Die Frische des Essens zum Beispiel ist relativ: Da war man in Zeiten vor der Erfindung moderner Kühltechnik wahrscheinlich etwas toleranter als heute. Und sogar innerhalb eng gesteckter sozialer wie nationaler Grenzen können die Ansichten, wie sehr ein Fasan abgehangen sein muss oder ein Käse stinken darf, ziemlich differieren (gesetzliche Hygienebestimmungen sorgen da zumindest für gewisse Rahmenbedingungen).

Mit welchen Parametern arbeiten also Restaurantkritiker, um zu Bewertungen zu kommen, die Objektivität suggerieren? Nun, in erster Linie natürlich mit subjektiven: Da Zentimeterangaben beim Schnitzel oder die gestoppte Zeit des Kellners von der Küche bis zum Tisch selten das sind, was einen dazu bewegt, sein Geld in ein bestimmtes Restaurant zu tragen, wird also mit eher subjektiven Begriffen wie "Originalität", "Authentizität", "Individualität" oder "Kreativität" operiert.

Aber wäre eine Objektivierung gastronomischer Qualität überhaupt machbar, kann man den wahrhaftigen und unfehlbaren Schmeckometer konstruieren? Schwerlich, denn erstens spielen im Ereignisfall namens Gastronomie einfach zu viele Komponenten und Variablen mit, zweitens ist die Wahrscheinlichkeit, dass das Ergebnis am nächsten Tag oder auch nur eine Stunde später haargenau so ausfällt, höchst gering, und drittens ist das individuelle Empfinden dann immer noch subjektiv geartet.
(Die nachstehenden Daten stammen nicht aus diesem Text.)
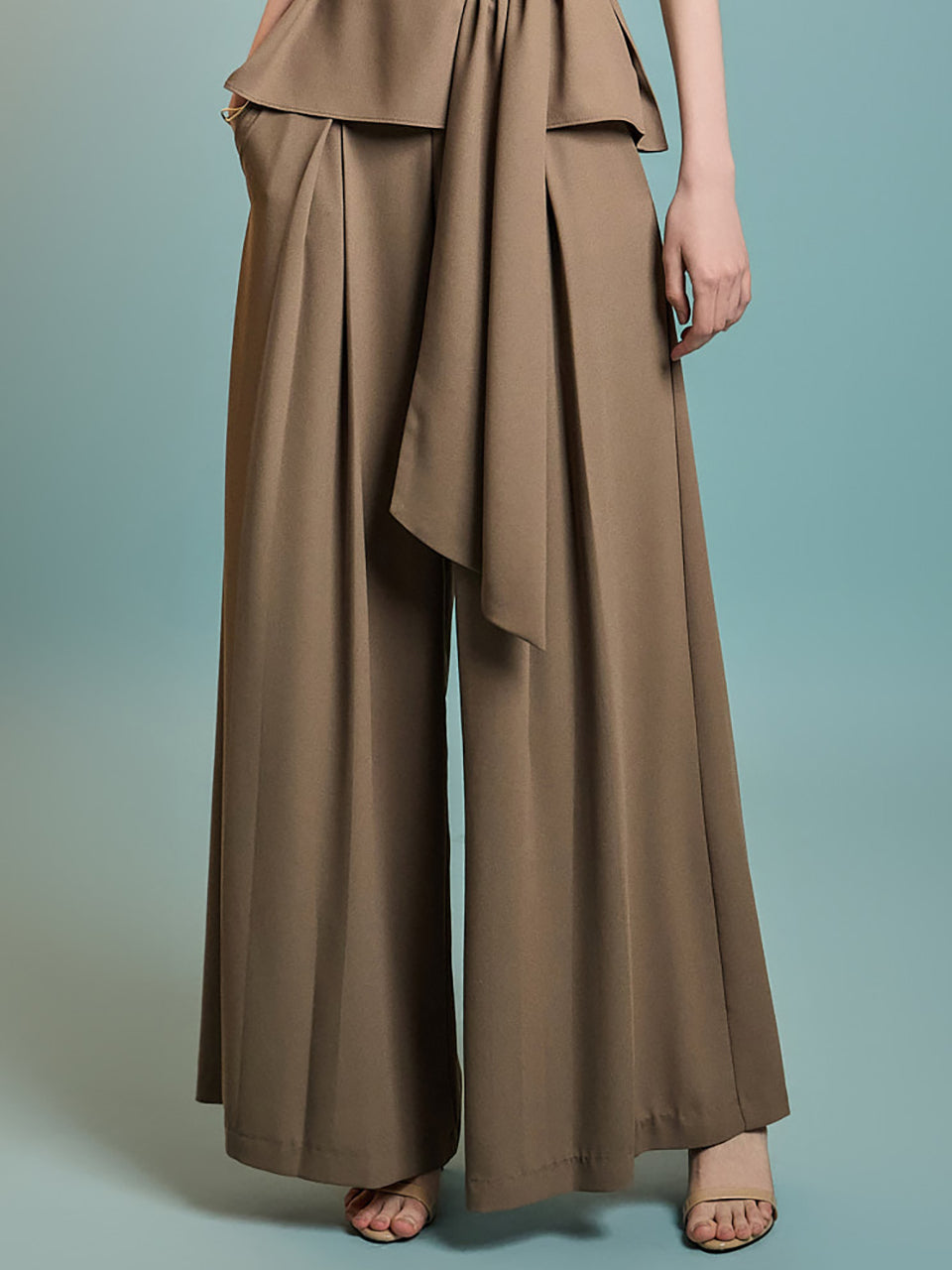 P3510 Pintuck Wide Slacks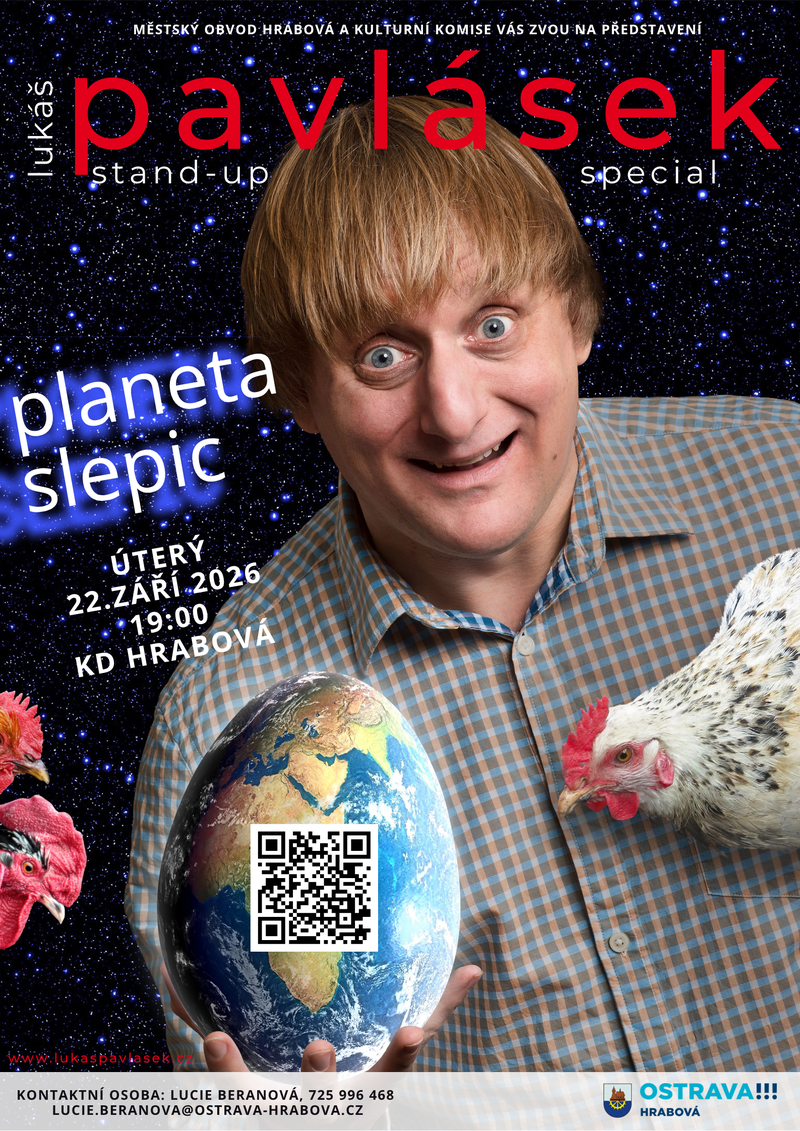 STAND UP SHOW LUKÁŠ PAVLÁSEK: PLANETA SLEPIC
Wie also vorgehen beim Beurteilen des Schnitzels? Bestimmte vorgegebene Indizes helfen dabei. So verleiht Gault Millau seine vier Hauben an die "weltbesten Restaurants", eine Haube an Lokale mit "sehr guter Küche, die mehr als das Alltägliche bietet" und geht davon aus, dass das Grüppchen von anonymen Testern sowohl schon in "weltbesten Restaurants" gespeist hat als auch dem "Alltäglichen" nicht vollkommen entfremdet ist. Ab und an stattfindende Probeessen mit Obertester Michael Reinartz, bei denen über die gereichten Gerichte diskutiert wird, sollen die Skalierung aktualisieren und gewissermaßen zur Objektivierung der Subjektivität führen.

Dass mit solchen Bewertungen auch wirtschaftliche Interessen einhergehen, ist klar. Das beste Beispiel dafür liefert der bekannteste Weinkritiker der Welt, Robert M. Parker aus den USA: Der frühere Anwalt beurteilt Weine aus aller Welt mit einer Hundert-Punkte-Skala, die er dem US-amerikanischen Schulsystem entlehnt hat - sie ist im modernen Weinbusiness mittlerweile zum wesentlichsten Argument geworden, einen Wein zu kaufen oder nicht. Bekommt ein Tropfen im "Wine-Advocate" über 95 Punkte, ist sein Erzeuger ein reicher Mann.

Was natürlich dazu führt, dass nicht wenige Hersteller ihre Weine extra so gestalten, dass sie Robert Parker gefallen, und sein Geschmack ist mittlerweile einigermaßen gut bekannt: konzentriert, wuchtig, unfiltriert, mit dichter Farbe, hohem Alkohol und kräftigem Einsatz vanillig schmeckender, neuer Holzfässer. Derartige Getränke überfluten zurzeit fast schon den Markt, warnende Worte von wegen Verlust kultureller Vielfalt verhallen relativ ungehört in der Wüste.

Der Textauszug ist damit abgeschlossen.